**What the task requires**
Once the line containing "お引渡し決定】大迫力のワニ皮！全身！" is found in the records below, return it and each following line exactly, up to and including the line containing "Pinguicula moranensis f.", and nothing else.

(Source records)
------------------------
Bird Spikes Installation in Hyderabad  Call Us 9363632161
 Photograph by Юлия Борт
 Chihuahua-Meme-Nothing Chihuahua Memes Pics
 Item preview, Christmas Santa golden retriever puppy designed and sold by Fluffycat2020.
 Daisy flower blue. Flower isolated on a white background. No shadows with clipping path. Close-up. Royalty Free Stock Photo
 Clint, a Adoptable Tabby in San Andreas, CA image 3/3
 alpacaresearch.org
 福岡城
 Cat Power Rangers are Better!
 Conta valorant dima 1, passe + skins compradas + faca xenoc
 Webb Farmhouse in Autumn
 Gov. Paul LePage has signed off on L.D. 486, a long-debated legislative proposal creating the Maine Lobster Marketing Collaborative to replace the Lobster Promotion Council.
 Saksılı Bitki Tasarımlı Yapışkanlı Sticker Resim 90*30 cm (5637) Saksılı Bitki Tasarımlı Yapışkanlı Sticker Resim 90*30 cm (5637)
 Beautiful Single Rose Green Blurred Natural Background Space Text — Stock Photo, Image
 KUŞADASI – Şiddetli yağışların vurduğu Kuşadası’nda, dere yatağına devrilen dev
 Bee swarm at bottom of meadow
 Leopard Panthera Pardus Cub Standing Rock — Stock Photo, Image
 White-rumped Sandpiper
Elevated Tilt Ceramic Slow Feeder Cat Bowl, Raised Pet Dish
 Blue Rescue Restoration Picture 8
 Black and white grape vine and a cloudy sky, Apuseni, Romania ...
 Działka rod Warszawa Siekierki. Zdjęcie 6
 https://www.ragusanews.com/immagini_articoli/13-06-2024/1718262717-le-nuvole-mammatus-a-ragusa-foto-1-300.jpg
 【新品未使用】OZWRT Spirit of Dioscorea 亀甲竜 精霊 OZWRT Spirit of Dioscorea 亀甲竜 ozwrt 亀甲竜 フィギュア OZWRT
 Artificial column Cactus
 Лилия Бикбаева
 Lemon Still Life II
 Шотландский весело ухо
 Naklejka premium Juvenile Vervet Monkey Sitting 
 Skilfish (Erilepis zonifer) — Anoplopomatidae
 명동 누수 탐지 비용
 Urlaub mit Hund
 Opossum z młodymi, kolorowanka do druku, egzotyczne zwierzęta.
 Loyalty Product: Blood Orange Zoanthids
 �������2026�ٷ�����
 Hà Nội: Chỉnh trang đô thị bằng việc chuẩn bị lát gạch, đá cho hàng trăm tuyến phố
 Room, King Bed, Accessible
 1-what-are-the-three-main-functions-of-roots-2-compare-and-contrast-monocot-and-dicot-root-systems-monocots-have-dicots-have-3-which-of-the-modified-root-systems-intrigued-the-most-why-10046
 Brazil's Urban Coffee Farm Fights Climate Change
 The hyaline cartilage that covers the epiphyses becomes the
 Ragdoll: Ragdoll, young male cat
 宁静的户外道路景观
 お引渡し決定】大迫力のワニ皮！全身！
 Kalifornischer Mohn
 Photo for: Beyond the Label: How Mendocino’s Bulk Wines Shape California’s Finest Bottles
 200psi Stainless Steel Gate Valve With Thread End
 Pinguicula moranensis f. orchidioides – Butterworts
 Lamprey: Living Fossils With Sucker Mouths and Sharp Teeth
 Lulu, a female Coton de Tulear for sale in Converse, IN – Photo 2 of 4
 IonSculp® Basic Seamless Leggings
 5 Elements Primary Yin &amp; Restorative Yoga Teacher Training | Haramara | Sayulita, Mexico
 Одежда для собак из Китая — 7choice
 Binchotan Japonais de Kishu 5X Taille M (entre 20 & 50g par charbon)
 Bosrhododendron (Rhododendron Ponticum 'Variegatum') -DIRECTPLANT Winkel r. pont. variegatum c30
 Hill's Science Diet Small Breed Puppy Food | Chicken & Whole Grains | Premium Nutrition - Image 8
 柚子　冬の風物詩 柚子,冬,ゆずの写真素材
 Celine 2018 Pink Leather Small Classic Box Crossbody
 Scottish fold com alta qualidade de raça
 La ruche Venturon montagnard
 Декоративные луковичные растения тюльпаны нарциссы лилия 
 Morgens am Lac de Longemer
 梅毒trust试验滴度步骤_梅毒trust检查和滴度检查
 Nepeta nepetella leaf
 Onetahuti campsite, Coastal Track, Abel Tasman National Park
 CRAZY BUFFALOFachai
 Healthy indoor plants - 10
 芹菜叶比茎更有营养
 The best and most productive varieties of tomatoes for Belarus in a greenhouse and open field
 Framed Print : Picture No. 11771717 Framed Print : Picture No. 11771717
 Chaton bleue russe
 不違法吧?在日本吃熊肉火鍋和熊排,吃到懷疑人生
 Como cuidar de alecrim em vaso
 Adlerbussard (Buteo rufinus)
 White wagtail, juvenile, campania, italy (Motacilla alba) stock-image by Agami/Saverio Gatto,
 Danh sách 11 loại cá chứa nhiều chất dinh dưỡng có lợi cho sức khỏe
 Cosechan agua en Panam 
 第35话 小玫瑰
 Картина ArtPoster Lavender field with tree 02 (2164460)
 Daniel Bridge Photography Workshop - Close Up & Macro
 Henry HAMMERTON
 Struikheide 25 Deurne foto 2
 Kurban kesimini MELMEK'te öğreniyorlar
------------------------
**Task answer**
 お引渡し決定】大迫力のワニ皮！全身！
 Kalifornischer Mohn
 Photo for: Beyond the Label: How Mendocino’s Bulk Wines Shape California’s Finest Bottles
 200psi Stainless Steel Gate Valve With Thread End
 Pinguicula moranensis f. orchidioides – Butterworts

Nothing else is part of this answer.